As I write this post, the news is that Bernie Sanders is meeting with Barack Obama to (I guess) come up with an elegant way to exit the race to be the Democratic nominee for president, a race he’s pretty much lost to Hilary Clinton. Soon we will all be able to move on.

Frankly, I’ve felt quite ambivalent about the process. While I know many people (mostly indirectly and on social media) who had a religious and fanatic devotion to Bernie Sanders and/or a burning white-hot hatred of Hilary Clinton, I felt and continue to feel unusually ambivalent. I’m okay with either of them and have been all along.
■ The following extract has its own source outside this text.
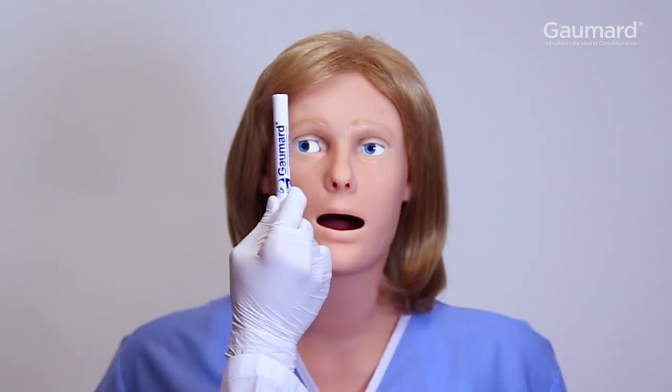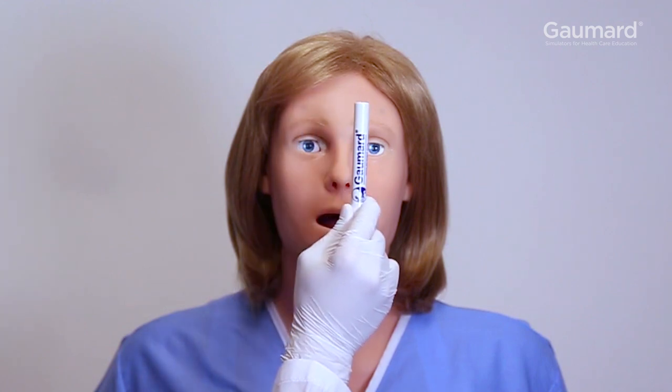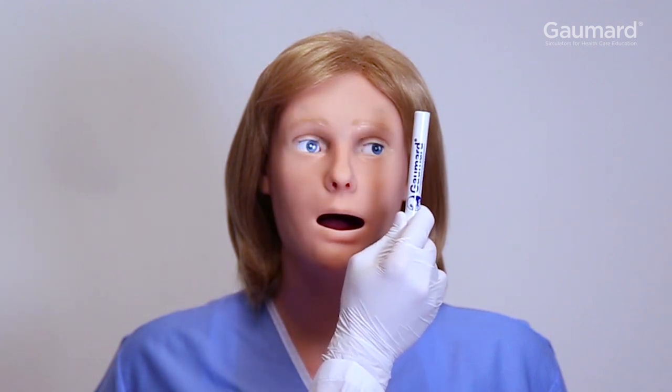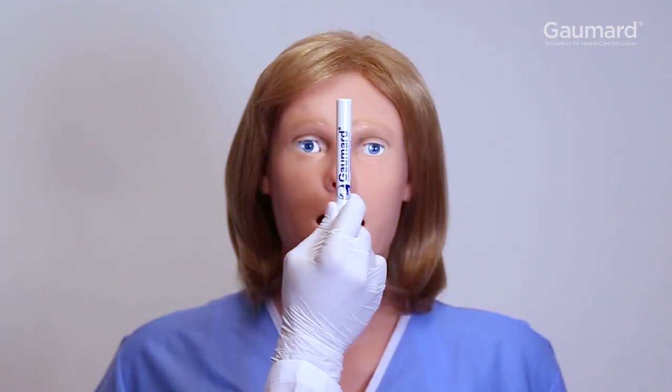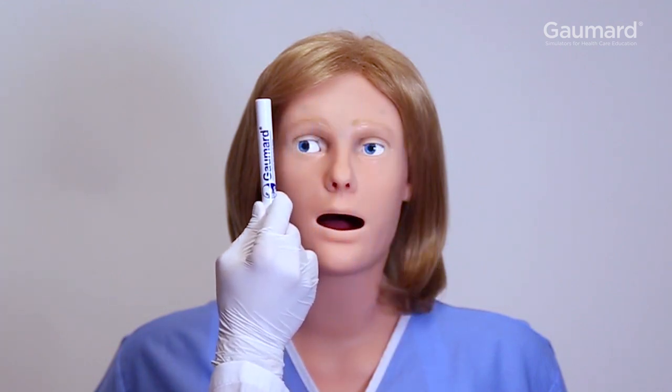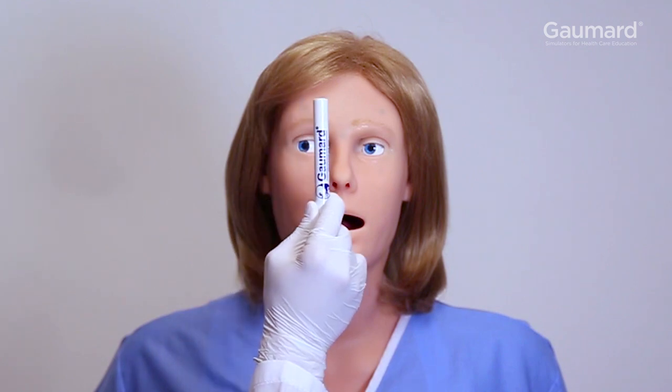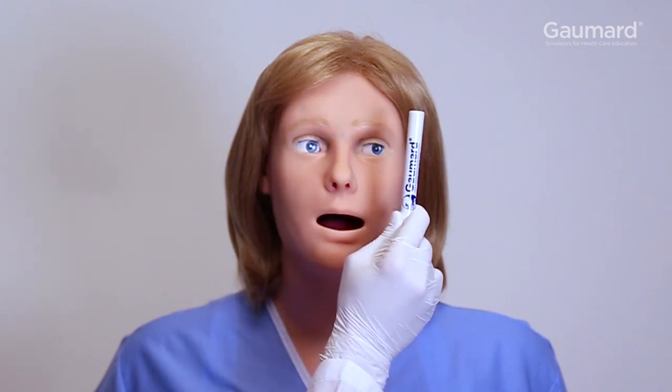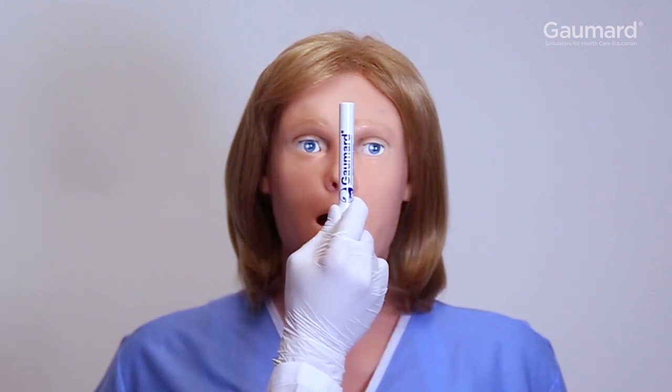When presenting stimuli for the eyes to track, it is best to approach from the front, rather than extending the arm across the side of the face. Note that like in real patients, thicker objects are easier to track than thin ones.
I voted for Clinton in the Michigan primary, but I was totally okay with the fact that Sanders won it. If the conversation right now was about how Sanders had pulled off the political upset to win the nomination, totally fine with me.
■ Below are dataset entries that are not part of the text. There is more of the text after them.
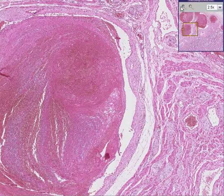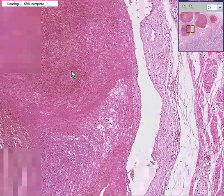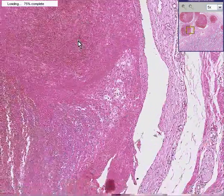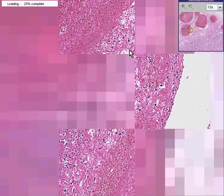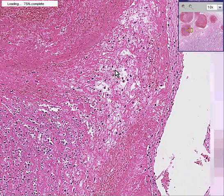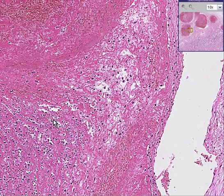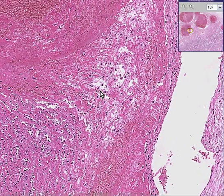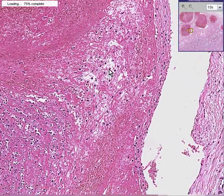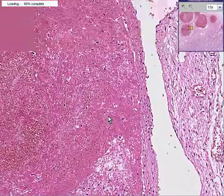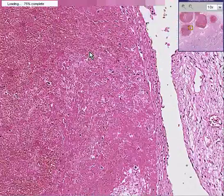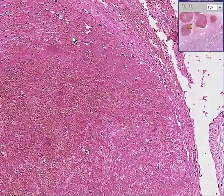But when the blood clot starts to get some ingrowth of not only inflammatory cells, but perhaps endothelial cells — like blood vessels starting to grow into it — we call that an organizing blood clot.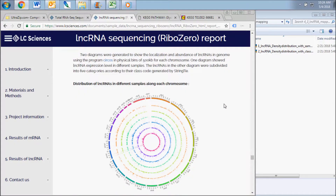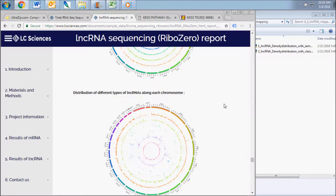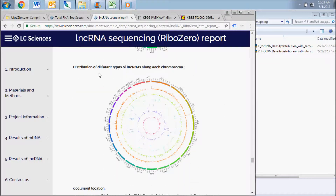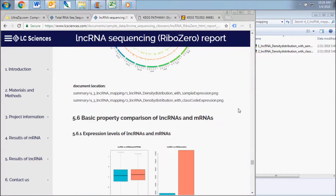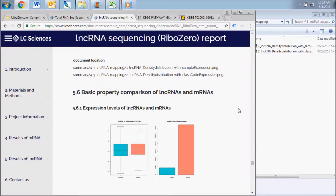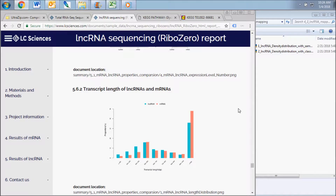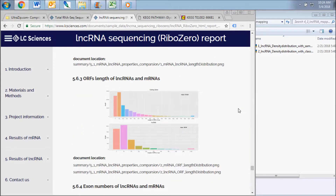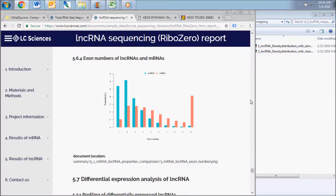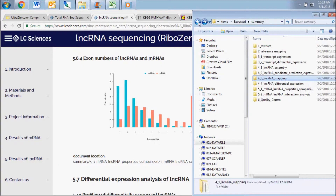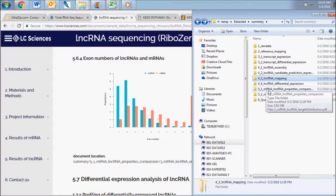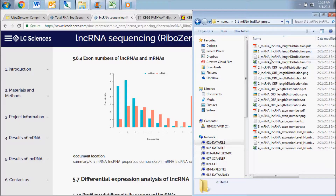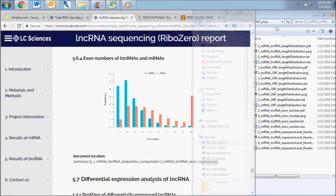This data illustrates the long non-coding RNA localization on each chromosome for each of the samples and also for each of the class codes. Below that subsection are several graphs that illustrate the comparison of basic long non-coding RNA and mRNA properties such as overall expression levels, transcript length, open reading frame length, and exon numbers. The full set of data is contained in the mRNA long non-coding RNA properties comparison folder.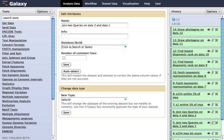Galaxy is a scientific workflow, data integration, and data analysis persistence and publishing platform that aims to make computational biology accessible to research scientists that do not have computer programming or systems administration experience. Although it was initially developed for genomics research, it is largely domain agnostic and is now used as a general bioinformatics workflow management system.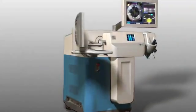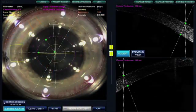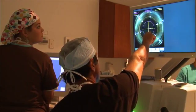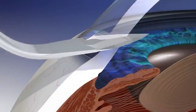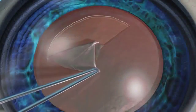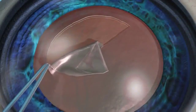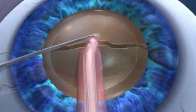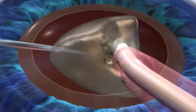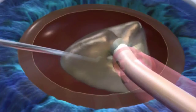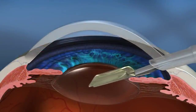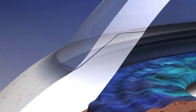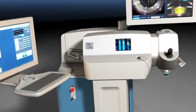Cataract patients now have two options: standard cataract surgery or laser refractive cataract surgery. Cataract surgery involves corneal incisions, capsular axis — a circular hole in the capsular bag — lens fragmentation, phaco-emulsification, intraocular lens insertion, and incision closure. The LensX laser can assist with some of the most challenging steps.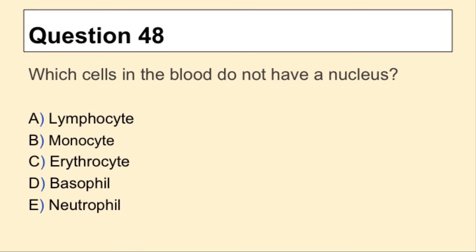Question 48. Which cells in the blood do not have a nucleus?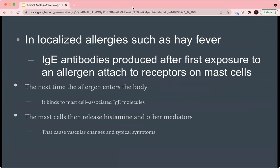In localized allergies such as hay fever, IgE antibodies produced by the body are produced after the first exposure to an allergen and attach to receptors on mast cells. The next time an allergen enters the body, it binds to the mast cells associated with IgE molecules, which then release histamines and other mediators. This causes the vascular changes and typical symptoms of hay fever such as itchiness, swelling, and other effects associated with histamine release.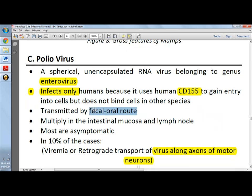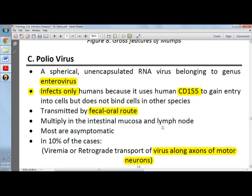Transmission is via the fecal-oral route. For example, if asked how poliovirus is transmitted, the choices might be: through a break in the skin, through the GIT or fecal-oral route, urogenital transmission, or respiratory droplets. The correct answer is the fecal-oral route, which is through the GIT.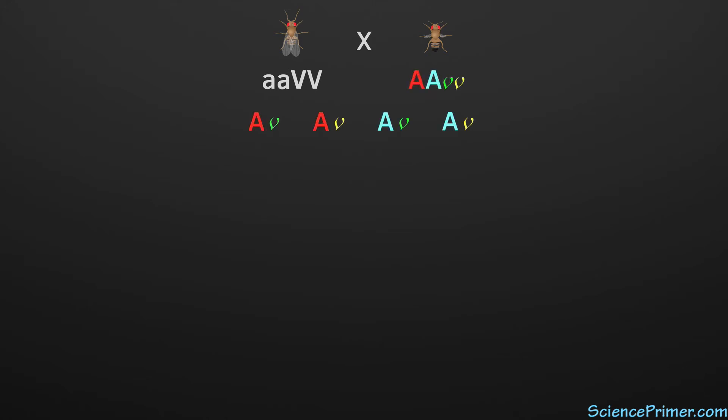With the first big A paired with each little v making two possibilities, and the second big A paired with each v to make the third and fourth possibilities. Of course, Mendel didn't know about genes and alleles and gametes, but the random sorting of unlinked genes into gametes is what his principle of independent assortment captured.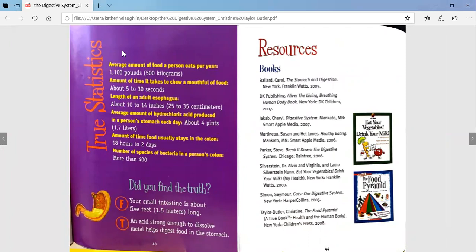True statistics. The average amount of food a person eats per year is 1,100 pounds. The amount of time it takes to chew a mouthful of food is about 5 to 30 seconds. The length of an adult esophagus is about 10 to 14 inches. The average amount of hydrochloric acid produced in a person's stomach each day is about 4 pints. Food usually stays in the colon for 18 hours or up to 2 days. There are more than 400 species of bacteria in a person's colon — and there are good types of bacteria that help keep your body healthy. Not all of them are bad.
So the whole social media phenomenon of things like #iguessimwithher or the sentiment summed up in this excellent post at Good Bad Librarian! “I’m With Her (But We’re Seeing Other People)” or pretty much a third or more of my Facebook/Twitter feed for the last several months– this whole thing has been hard for me to understand and hard for me to explain.

And then it hit me: from my point of view, Clinton and Sanders are each a half of a Twix bar.
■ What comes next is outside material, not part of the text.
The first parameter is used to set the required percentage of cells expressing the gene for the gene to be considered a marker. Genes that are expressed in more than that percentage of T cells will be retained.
Surly you have heard of this candy bar (not necessarily my “go to” choice, but one I always enjoy), but just in case: as Wikipedia reminds us, Twix “is a chocolate bar made by Mars, Inc., consisting of biscuit applied with other confectionery toppings and coatings (most frequently caramel and milk chocolate). Twix bars are packaged in pairs, although smaller single bars are available.”

And surly you have seen the humorous commercials about the battles between “Left Twix” and “Right Twix.” The basic premise here is the two “inventors” of Twix split the company over vehement disagreements over what is actually nothing. “Left Twix flowed caramel on cookie, while Right Twix cascaded caramel on cookie,” and so forth. The comedy, obviously, is in the fact that the differences being observed between Right and Left Twix are non-existent.

So for me, that’s pretty much the Sanders v. Clinton debate. Though I am certain there are those who might read this and say I WILL NEVER EVER EVER VOTE FOR RIGHT TWIX AND THAT DAMN LEFT TWIX RIGGED THE PROCESS FROM THE BEGINNING.

Or is it Right Twix who did the rigging? I forget.